Pentium Dual Core E6300 Spotted

Intel continues to use the Pentium brand name for its series of downscaled Core 2 series processors between the Core 2 Duo and Celeron lines. Japanese website ASCII.jp spotted a new model under the series, the E6300, originally slated for end of May. A retail box was spotted at a ground store. The most peculiar part of the name is its model number "E6300", which that has been used by one of the earliest Core 2 Duo models. The Pentium E6300 however, is the faster chip. While the Core 2 Duo E6300 is clocked at 1.86 GHz, with 2 MB of L2 cache and 1066 MHz FSB, the Pentium E6300 is clocked at 2.80 GHz with the same FSB speed and L2 cache size.

The Pentium E6300 achieves its 2.80 GHz speed with a bus multiplier of 10.5 (x 266 MHz). It is based on the 45 nm Wolfdale-2M core. The model follows the Pentium E5400 (2.70 GHz, 13.5 x 200 MHz) and falls into the E6000 series for having the 1066 MHz FSB. So in essence, it falls between the E5000 series' use of the Wolfdale-2M core, and the E7000 series' use of the 1066 MHz FSB. ASCII.jp notes its price to be at ¥8,880 (around US $90).

AMD SSE5 Gets an Instruction-Set Expansion, Coins XOP (eXtended Operations)

AMD kept up with the SIMD processing standards Intel set by licensing its popular CPU instruction sets such as MMX, SSE, SSE2, and SSE3. The three were used as is by AMD, except for that AMD chose not to conform completely with Supplemental SSE3, SSE4 and its revisions (SSE4.1, SSE4.2). The company devised the SSE4A instruction set to feature with its K10 micro-architecture. SSE4A is a lighter version that features LZCNT (Leading Zero Count), POPCNT (bit population count), EXTRQ/INSERTQ and MOVNTSD/MOVNTSS (Scalar streaming store instructions). What's more, the company even decided back in 2007 that it would come up with SSE5, that then Intel sought to leave development with AMD.

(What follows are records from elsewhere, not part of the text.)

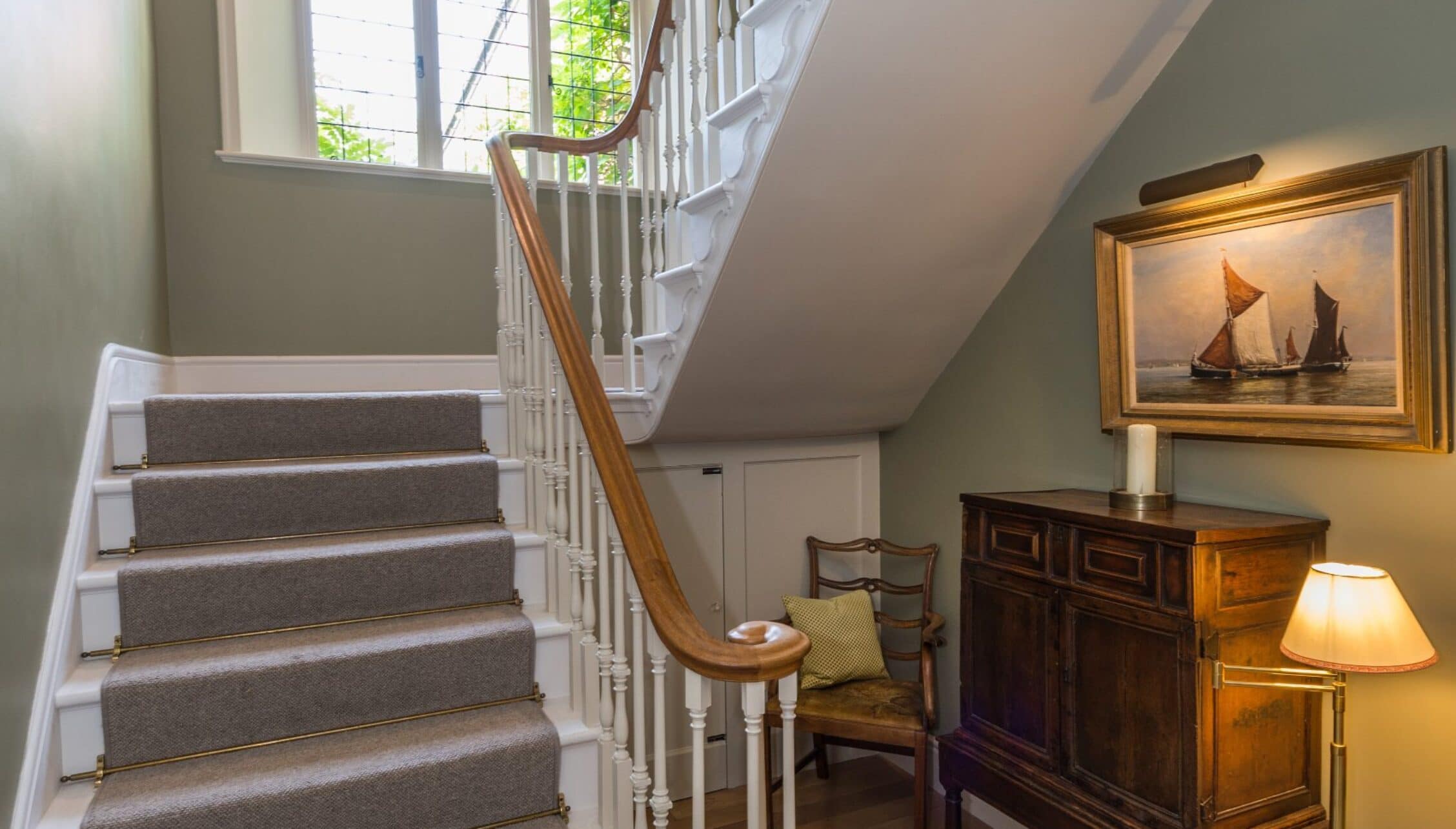Nedging Hall, Suffolk – Staircase with grey carpet runner, wooden banister, and first-floor landing with artwork and furniture.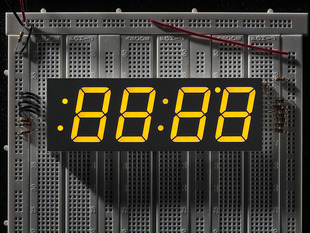 Huge yellow 7-segment clock display with all segments lit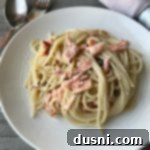 Savory Smoked Salmon Pasta 8 Smoked Salmon Pasta on a white plate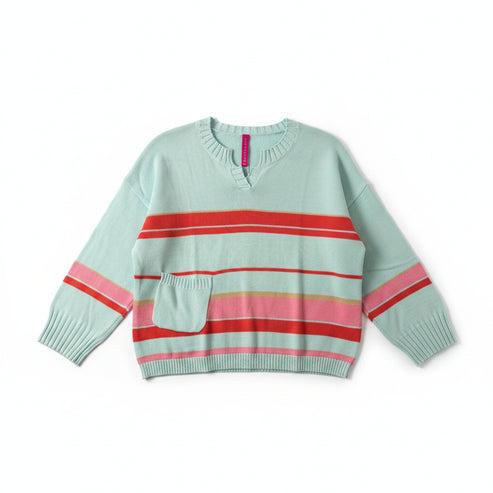 Light blue sweater with red and pink stripes on a hanger against a beige wall.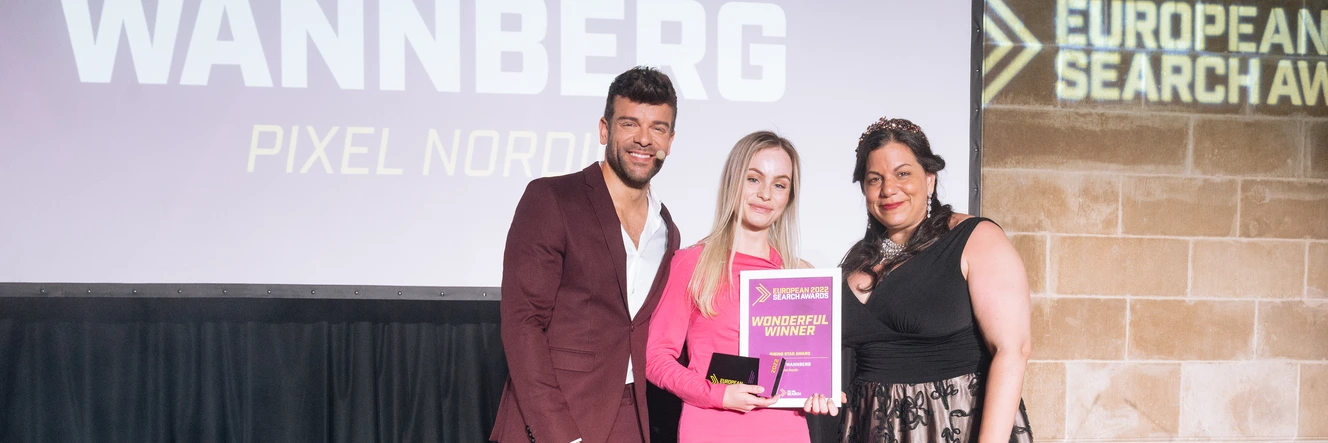 Stella Wannberg in a pink dress on stage holding the winner's diploma, between the host and the award presenter, with her name and Pixel Nordic on the screen behind them.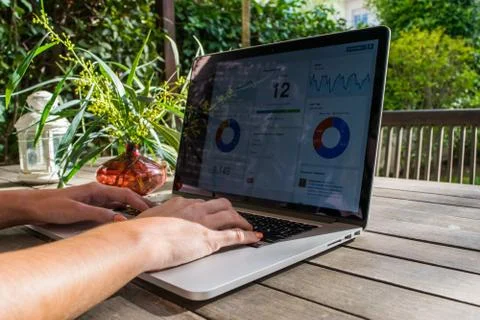 Woman's hands using laptop with analytical graph on desk in the garden Stock Photos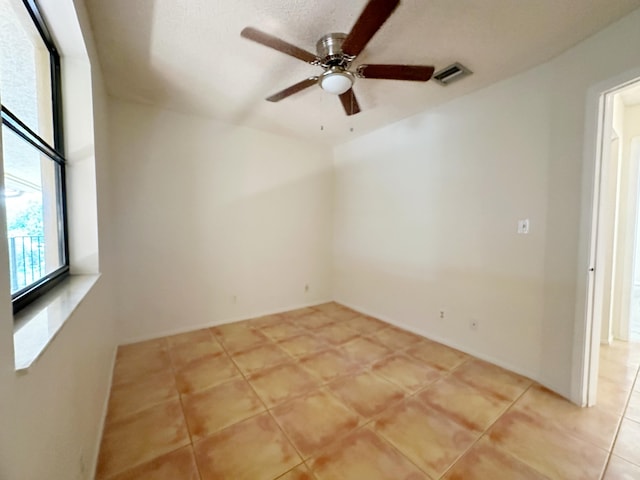 spare room featuring ceiling fan and light tile patterned floors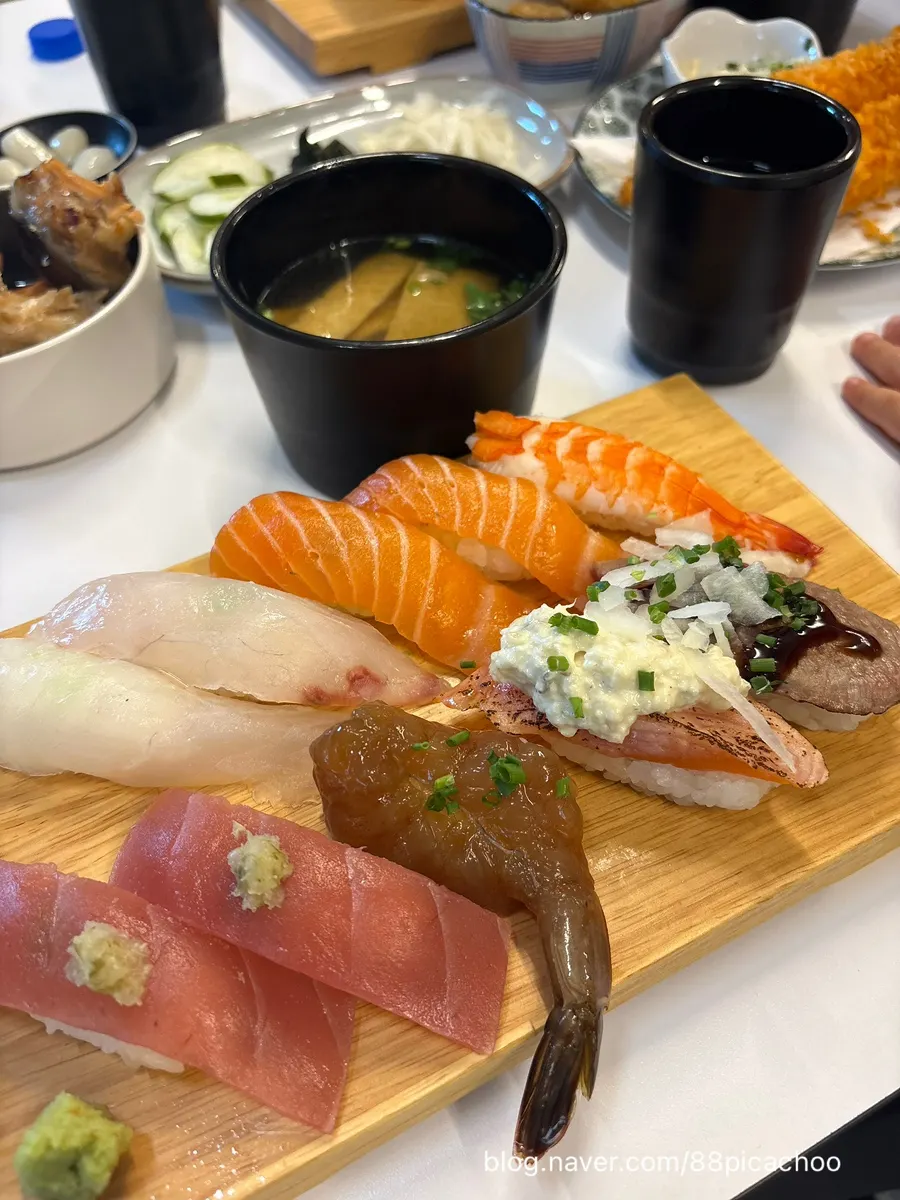 A piece of grilled beef sushi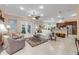 Open living room with ceiling fan, white tile floors, and adjacent kitchen area at 65 Calumet Ave, Ponce Inlet, FL 32127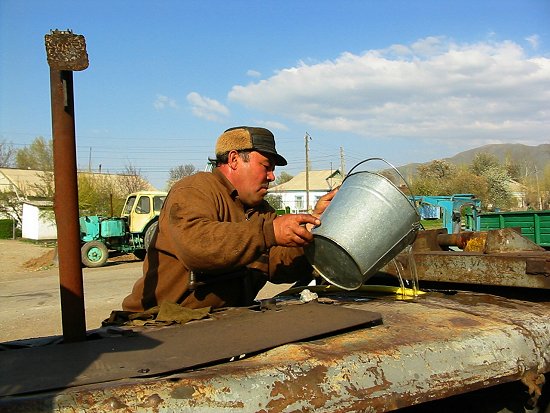 Foto van mijn schoonvader die het koelwater van de bulldozer bijvult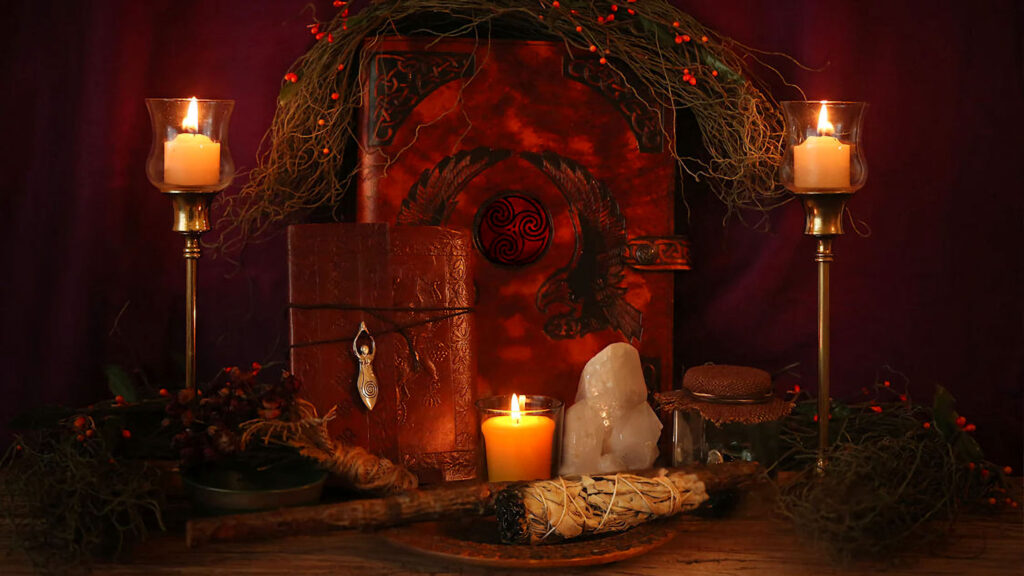 a person's altar with candles and books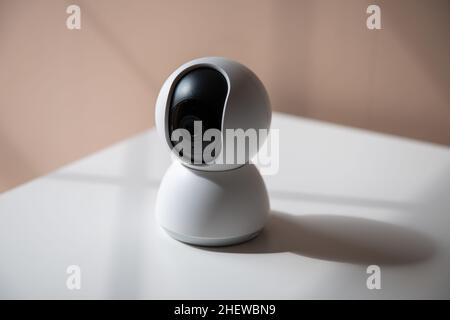 white video surveillance camera to monitor babies, children or areas of the house Stock Photo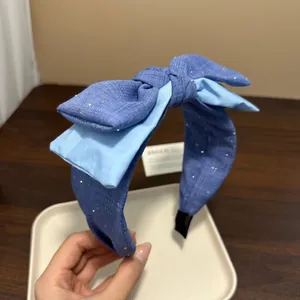 Dettaglio di un cerchietto a fiocco blu fatto a mano con motivo stellato e strati di raso.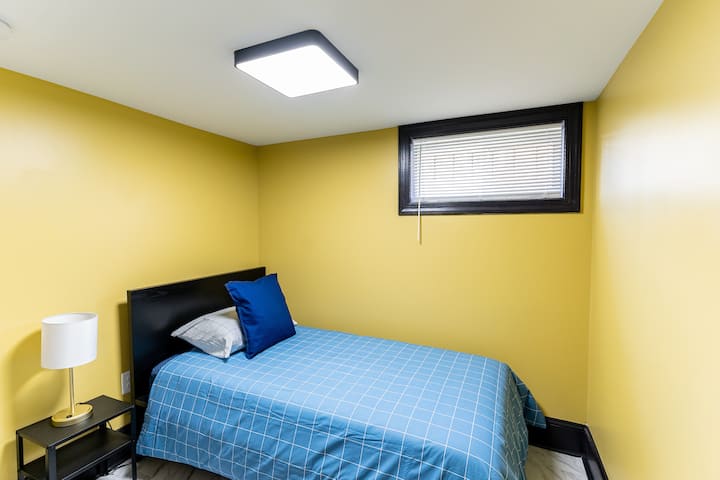 Bedroom 4 - equipped with 1 twin bed (sleeps 1 adult) and 50-inch Roku TV.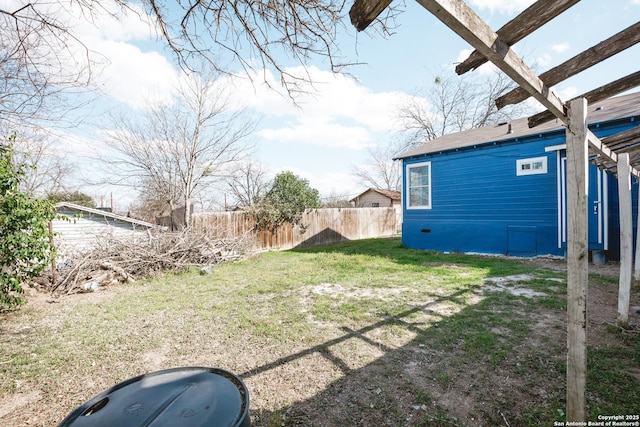 view of yard with fence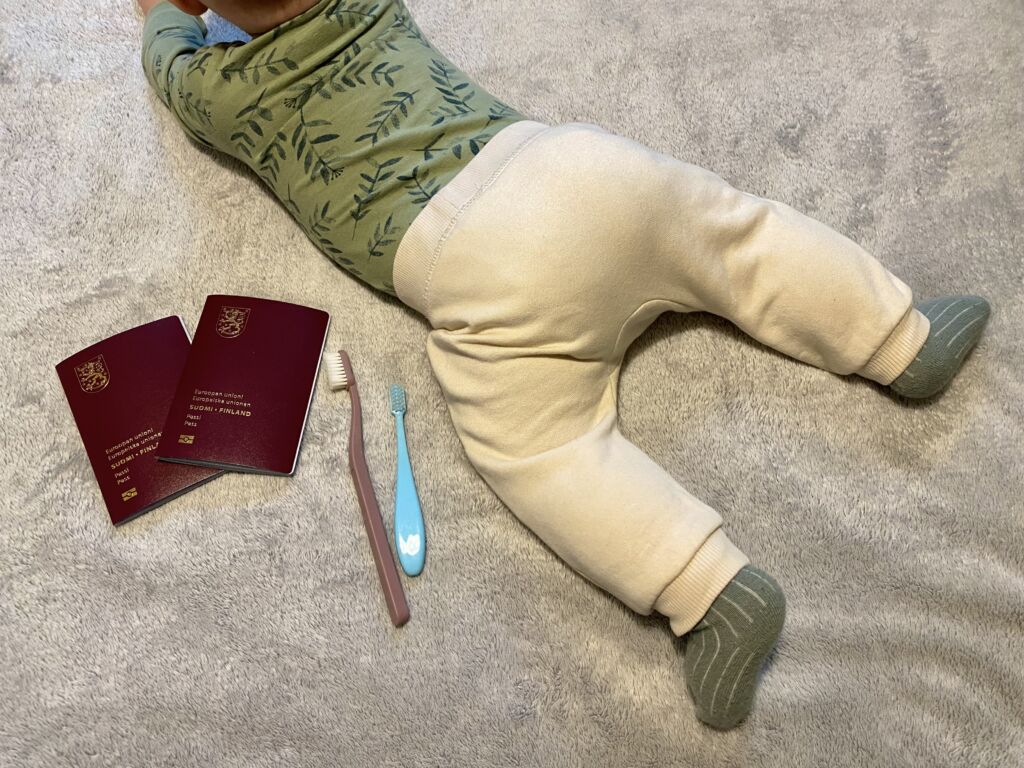 Kuvassa on vauva, kaksi passia ja kaksi hammasharjaa.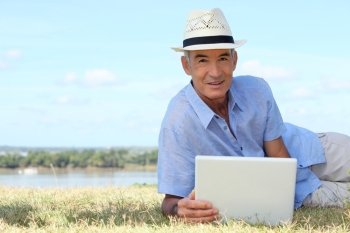 Senior man using a laptop computer on a riverbank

In due course of time, Intel started development of AVX (Advanced Vector eXtensions) that enhances processing of FPU-intensive workloads. AMD gained interest in this technology, and is looking to make it compatible with the originally-conceived SSE5. The instructions that remain as part of the superset that doesn't include AVX is now referred to by AMD as XOP (eXtended OPerations). In addition to this, AMD will include FMA4 (Floating point vector Multiply-Accumulate). The new instruction sets make it to AMD's next-generation Bulldozer micro-architecture slated for 2011. Meanwhile, Intel's AVX makes it to the Sandy Bridge micro-architecture slated for 2010~11. AMD published the Programmer's Manual document on 128-Bit and 256-Bit XOP, FMA4 and CVT16 Instructions, which can be read here (PDF).